§ ACTIVITY
Beneath this line are entries. Copy the range from the line with "Потолочный светильник Catellani" to the line with "Bebida Energética Monster", ends included, exactly; leave pictures out.

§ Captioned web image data
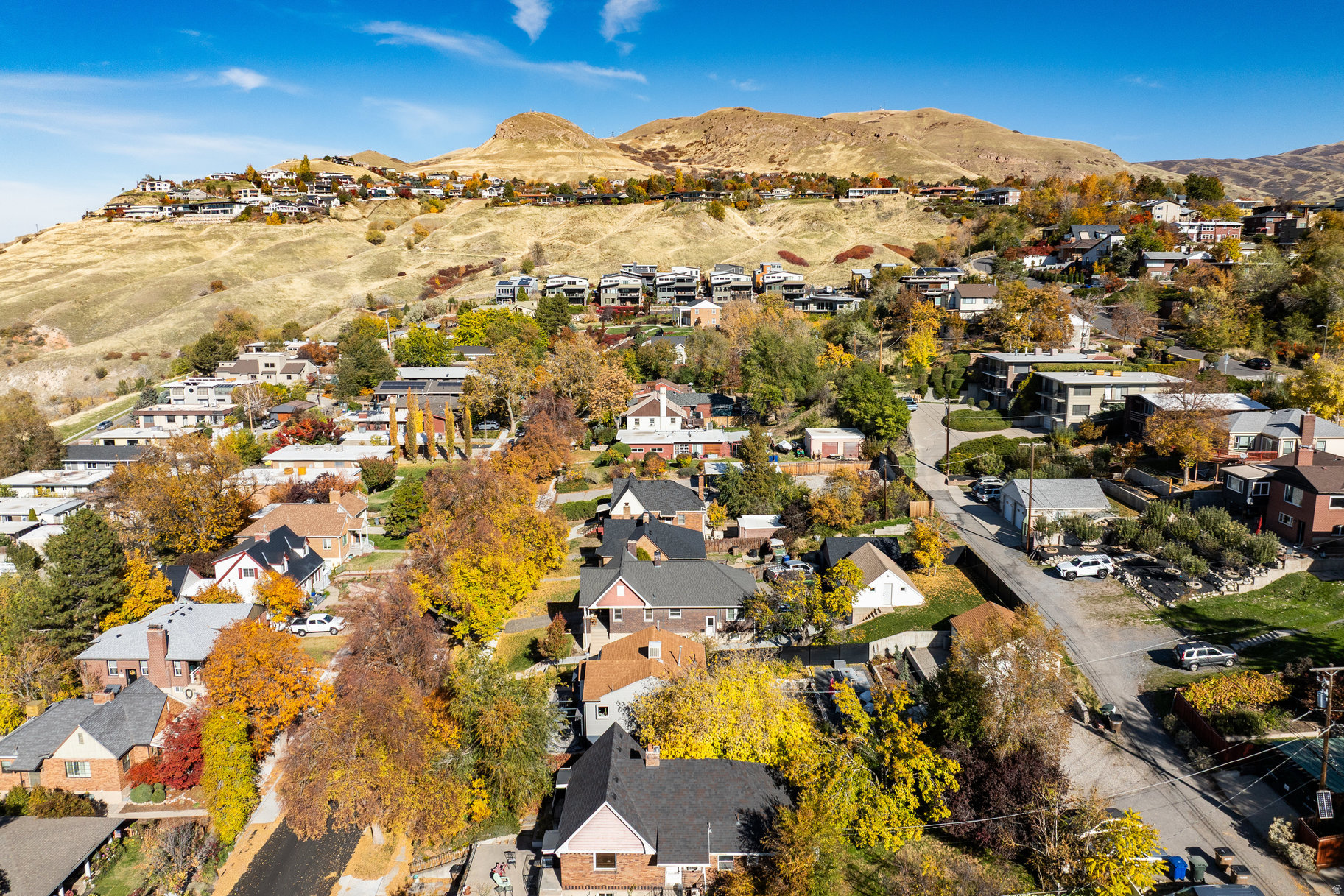 CAPITOL HILL - Residential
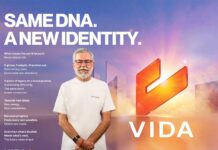 VIDA powered by Hero unveils new brand identity; enters Asia Book of Records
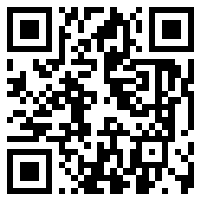 QR Code for bitcoin:13xpJLFajqcKAu7acmQParDQgQxaFBPrym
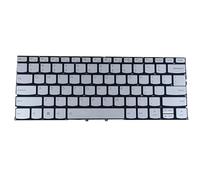 RTDPART Laptop Keyboard For Lenovo Ideapad Yoga C940-14IIL 81Q9 English US With Backlit Silver New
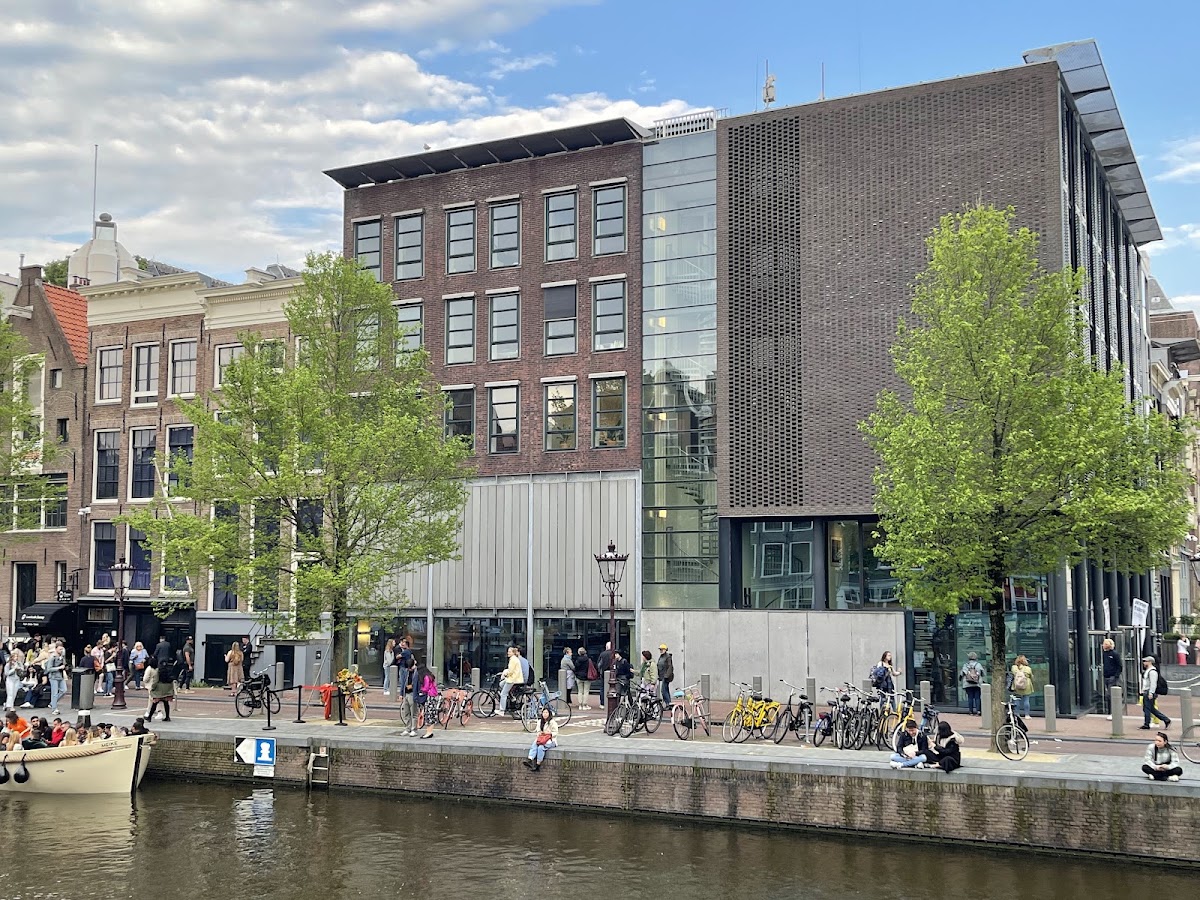 Anne Frank House Amsterdam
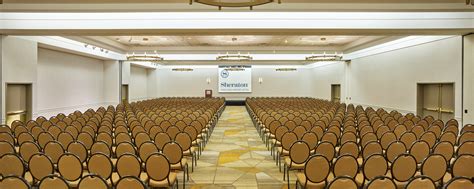 Meeting Rooms in Portland Oregon | Sheraton Portland Airport Hotel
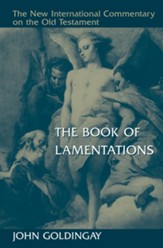 The Book of Lamentations: New International Commentary on the Old Testament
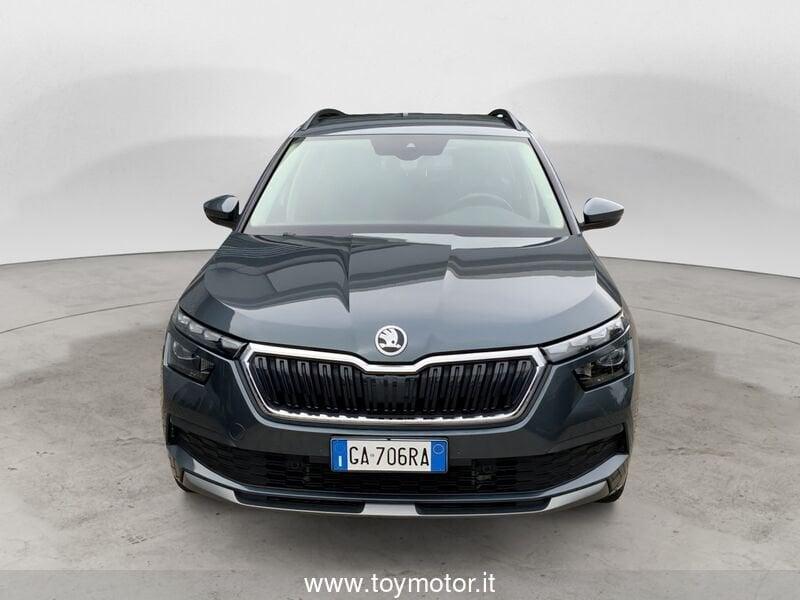 Skoda Kamiq 1.0 G-Tec Ambition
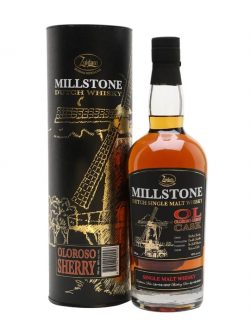 Millstone Oloroso Sherry Cask Dutch Single Malt Whisky |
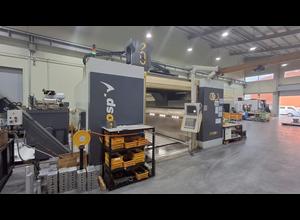 FPT Dinospin Machining center - 5 axis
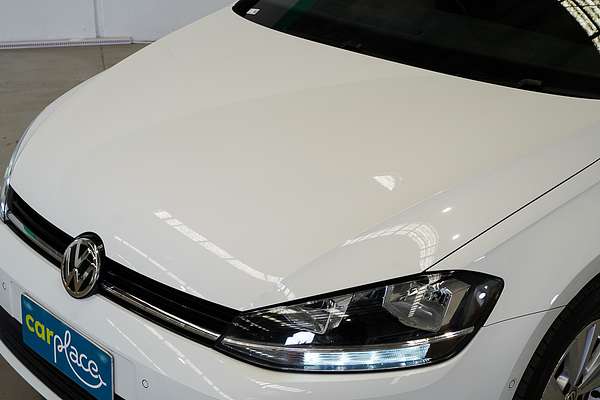 2018 Volkswagen Golf 110TSI Trendline 7.5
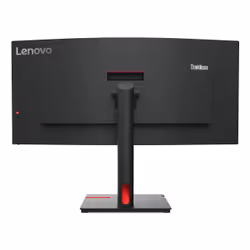 Lenovo ThinkVision T34w-30 LED display 86.4 cm (34") 3440 x 1440 pixels Wide Quad HD Black - Additional view 5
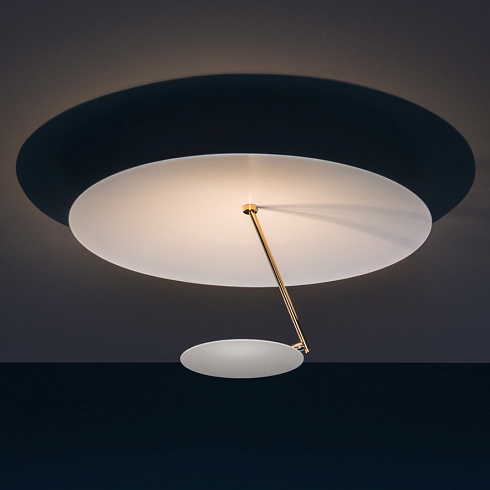 Потолочный светильник Catellani & Smith Lederam С150 White Lederam LC1505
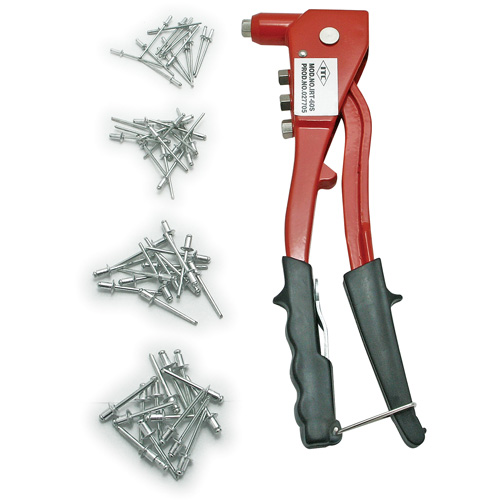 Hand Riveter Set Oxford Builders Supplies Inc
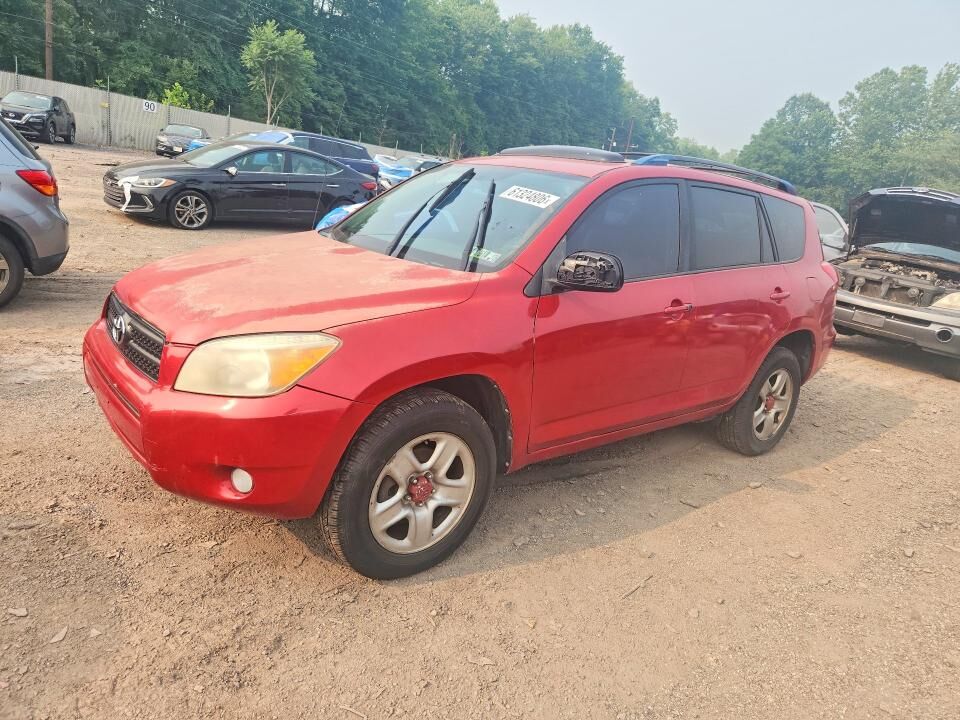 2008 TOYOTA RAV4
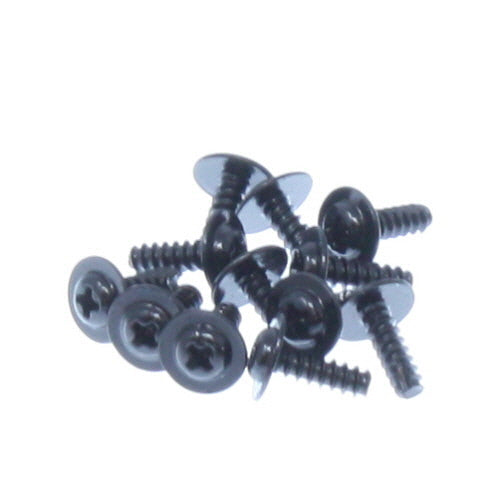 Redcat Racing S160 Flange Head Self Tapping Screws 2.6*8mm (12P)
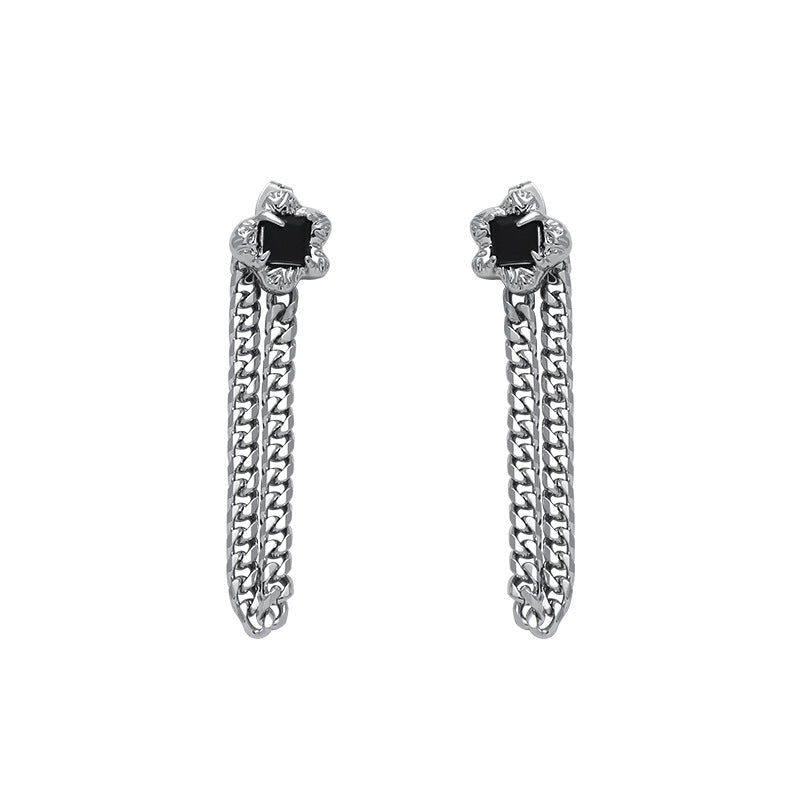 Somerset Chain Earrings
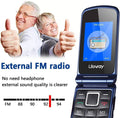 Uleway ET-A2223 Blau mit Ladestation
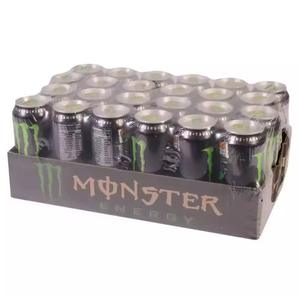 Bebida Energética Monster Energy Zero Ultra Económica, 16 Onzas Líquidas, Paquete de 15, Hecha en Alemania, Sin Azúcar, con Carbonato - Product Image 4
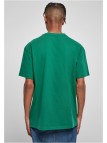 T-shirt Heavy Oversized Green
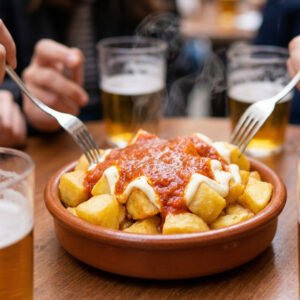 Cerveza de Grifo Mahou Clásica (Caña)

§ ANSWER AREA
 Потолочный светильник Catellani & Smith Lederam С150 White Lederam LC1505
 Hand Riveter Set Oxford Builders Supplies Inc
 2008 TOYOTA RAV4
 Redcat Racing S160 Flange Head Self Tapping Screws 2.6*8mm (12P)
 Somerset Chain Earrings
 Uleway ET-A2223 Blau mit Ladestation
 Bebida Energética Monster Energy Zero Ultra Económica, 16 Onzas Líquidas, Paquete de 15, Hecha en Alemania, Sin Azúcar, con Carbonato - Product Image 4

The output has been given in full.